Assigned task:
Transcribe the listing below in full, exactly, with no images.

Data section:
※

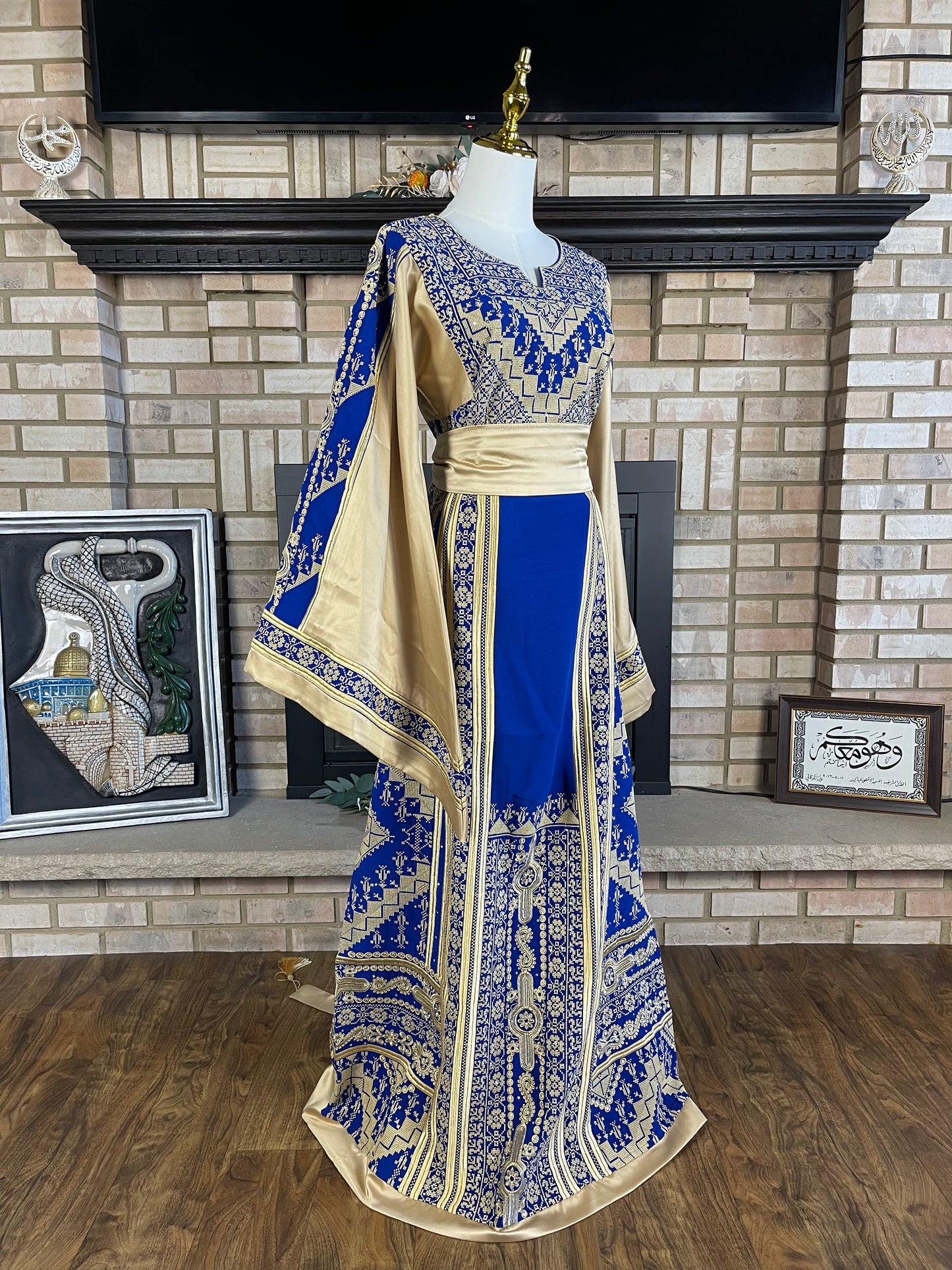 Blue/Gold Satin Ishq Thobe
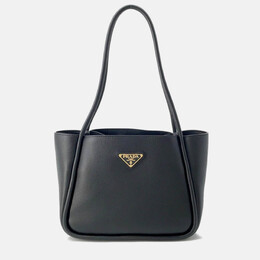 Prada: Чёрная сумка-шоппер 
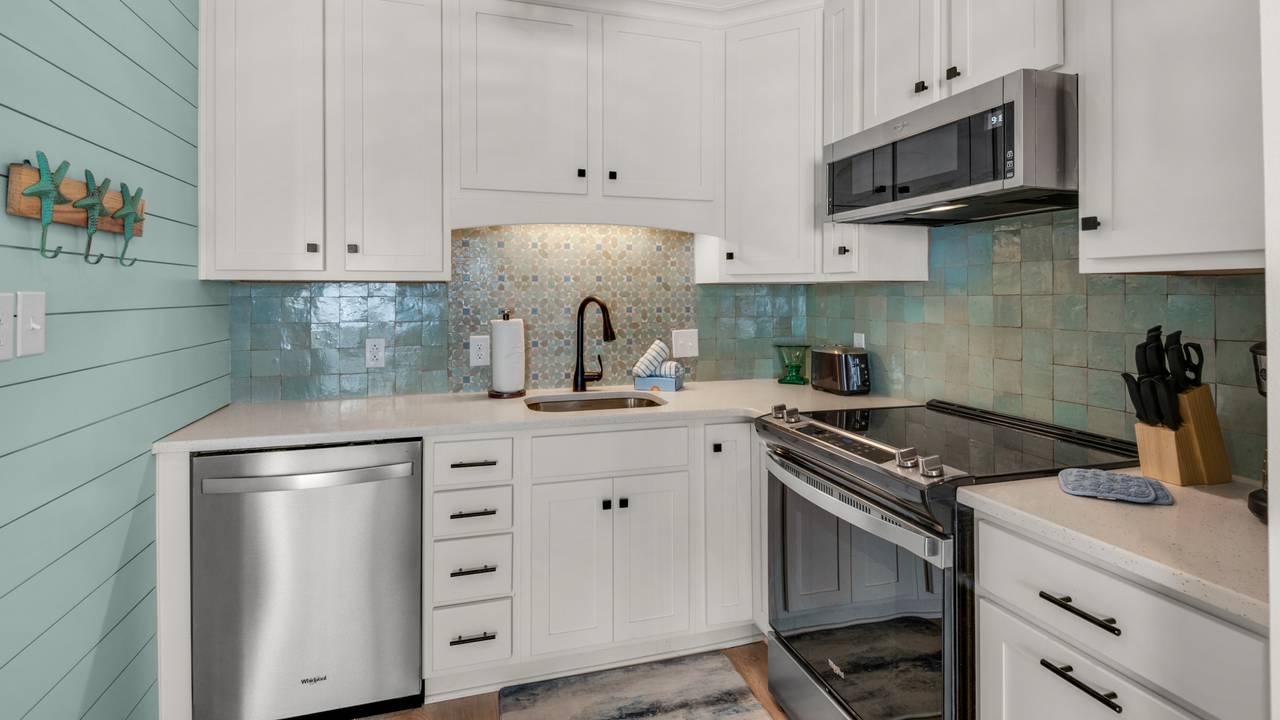 Beachside Condo 21 Kitchen Beachside Condo 21 Kitchen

※

Worked solution:
 Blue/Gold Satin Ishq Thobe
 Prada: Чёрная сумка-шоппер 
 Beachside Condo 21 Kitchen Beachside Condo 21 Kitchen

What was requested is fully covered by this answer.